Keller worked at AMD on the first, second, and third generation Zen cores. He recently told a conference that he noted at the time that the cache design for Arm and x86 CPUs is largely the same, as are many other parts. The difference in the processor architectures is mainly in the decoder unit.

Because of the similarities, Keller’s team began work on its own Arm core codenamed K12. AMD had bought a license for this from Arm. “They stupidly canceled that project,” Keller said in his Future of Compute presentation. According to Keller, “certain executives” at AMD scrapped the project after his departure, because they were “afraid of change.”

AMD planned to use Arm cores for server processors, also in combination with x86 processors. In 2014, the processor maker presented plans for server processors based on existing Arm cores. The own Arm cores were also put on the roadmap for 2016. That was later postponed to 2017, but it never came to that. A year after the presentation, AMD canceled the Arm plans.

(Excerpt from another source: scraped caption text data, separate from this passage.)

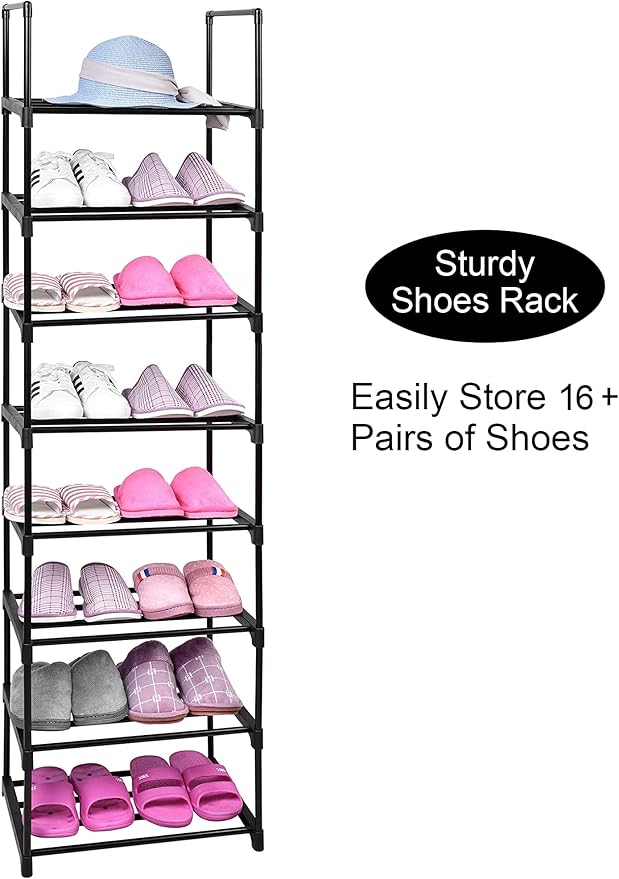 8 Tier Metal Sturdy Shoe Rack, 8 Tier Tall Shoe Storage Organizer, Narrow Tall Shelf Organizer for Entryway, Closet, Bedroom-NeatNest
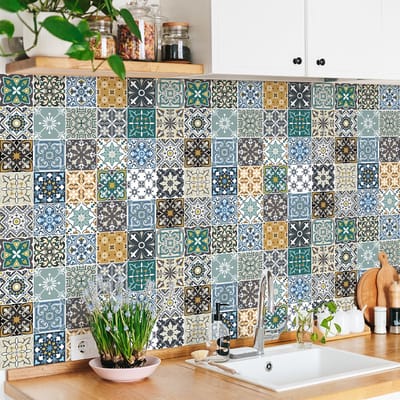Muurstickers - Zelfklevende tegelmuurstickers voor keuken en badkamer - 30 Pantelaria tegelstickers - 30 stickers 20x20cm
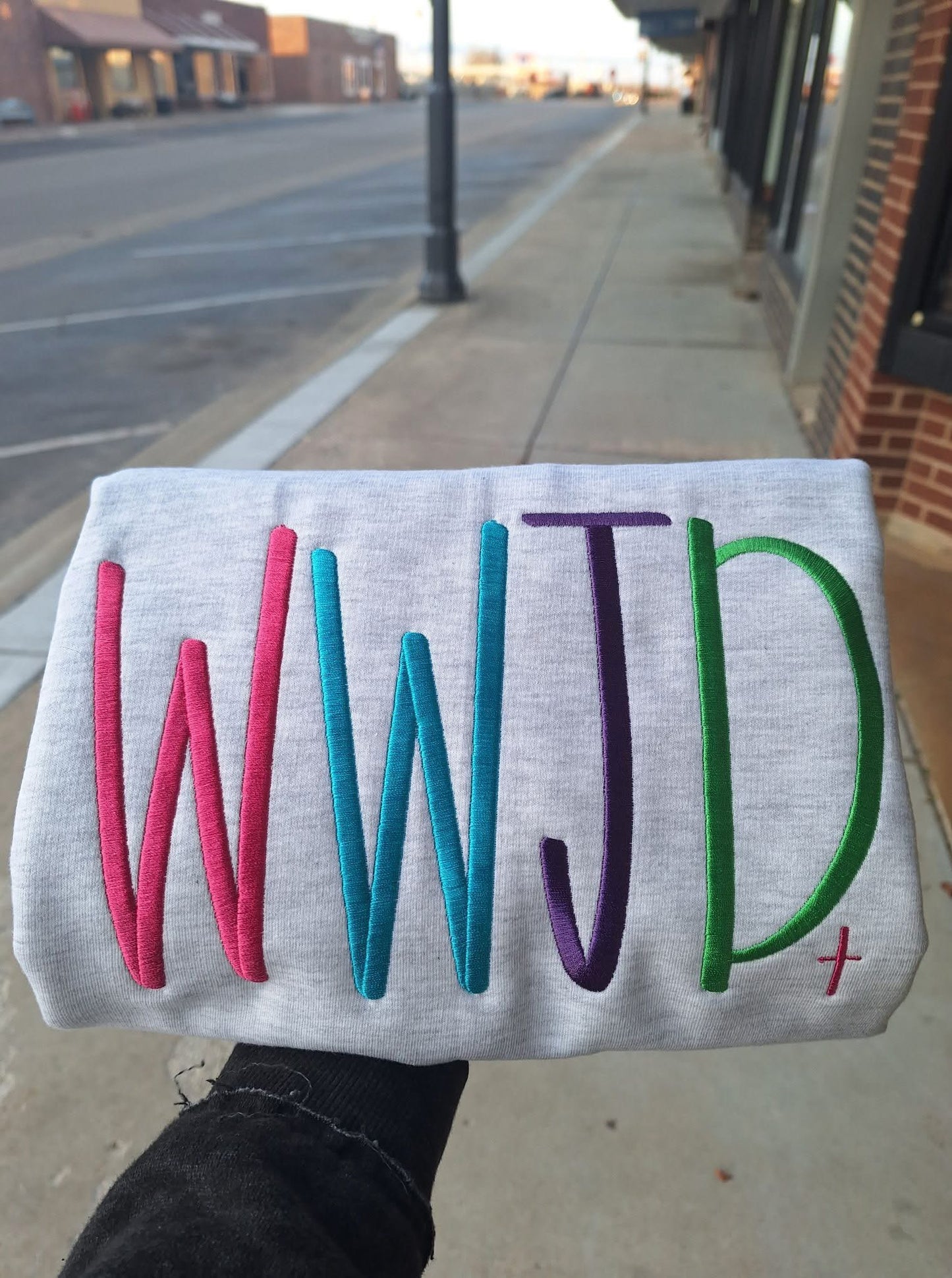 Rainbow WWJD Scribble with Heart- Embroidered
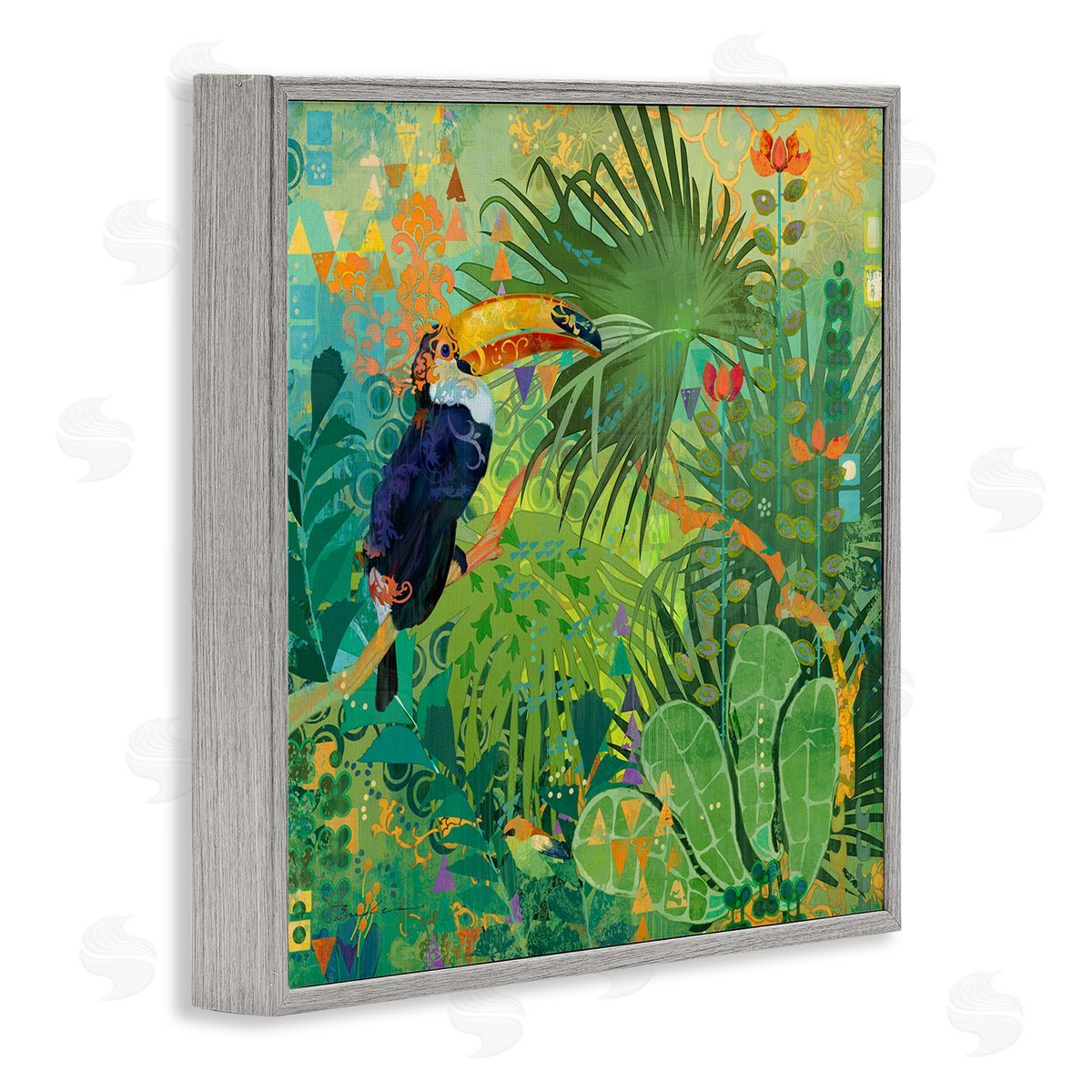 Toucan Rainforest Nature Grey Frame Print Wall Art, Home Decor by Evelia Designs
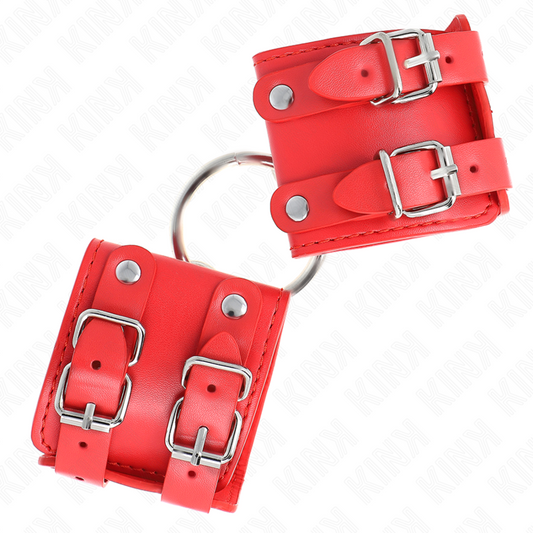 Kink Wrist Restraint Kink - Fixed Wrist Restraints With Ring And Studs Adjustable Red 17-22 Cm X 6.5 Cm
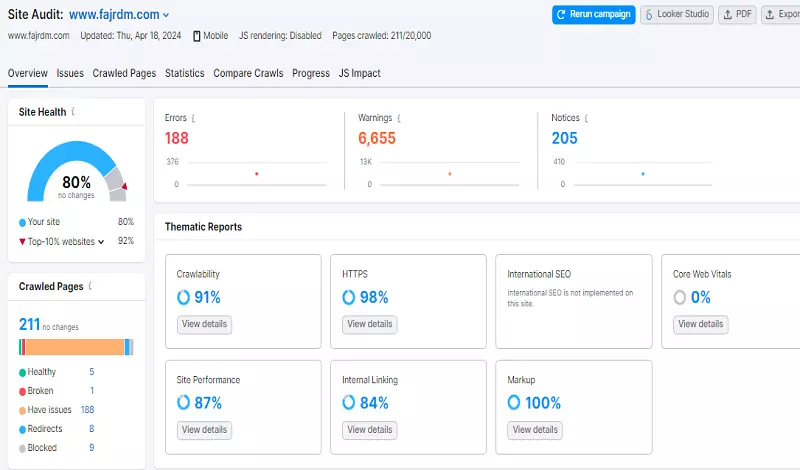 تقرير سيو SEO مفصل لموقعك او متجرك وتحسين محركات البحث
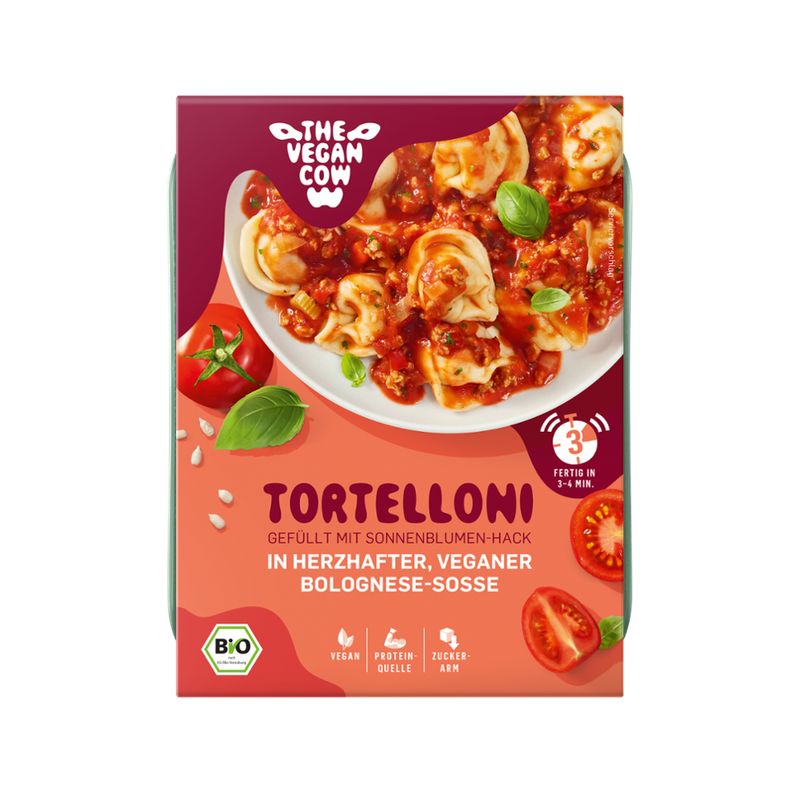 THE VEGAN COW Tortelloni in herzhafter, veganer Bolognese-Sosse gefüllt mit Sonnenblumenhack - Produktbild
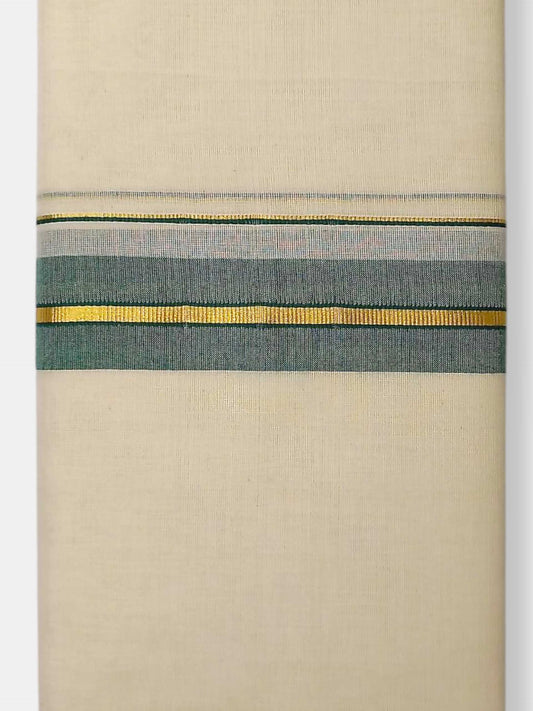 Balaramapuram Handloom Double Mundu Pure Cotton with Green Border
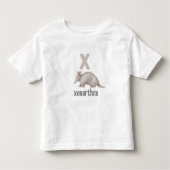 X is voor Xenarthra: Ontdek het alfabet Kinder Shirts (Voorkant)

Instead of Arm cores, AMD now uses x86 cores based on the Zen architecture in its EPYC server processors. The manufacturer is currently having great success with this. EPYC processors are currently found in the fastest supercomputer in the world. Five out of ten fastest systems in the top 500 supercomputers list are equipped with EPYC processors.

AMD’s K12 Project

Keller worked at AMD, Intel, Apple, Tesla and more

Jim Keller has a long track record and is considered one of the foremost designers of processor microarchitectures. He worked at DEC on Alpha processors in the 1980s and moved to AMD in 1998 to work on the Athlon processors. A year later, he moved to SiByte to work on MIPS processors. That company was acquired by Broadcom. Beginning in 2004, Keller held a top position at PA Semi, the company that Apple hired in 2008 to make its own socs for iPhones.

Keller worked at Apple until 2012 and then returned to AMD, where he worked on the Zen architecture and the K12 project for Arm processors. In 2016, he joined Tesla to work on AI chips for the Autopilot hardware. In 2018 he made the switch to Intel, where he left again in 2020. Keller is currently the CTO of Tenstorrent, a start-up working on AI chips.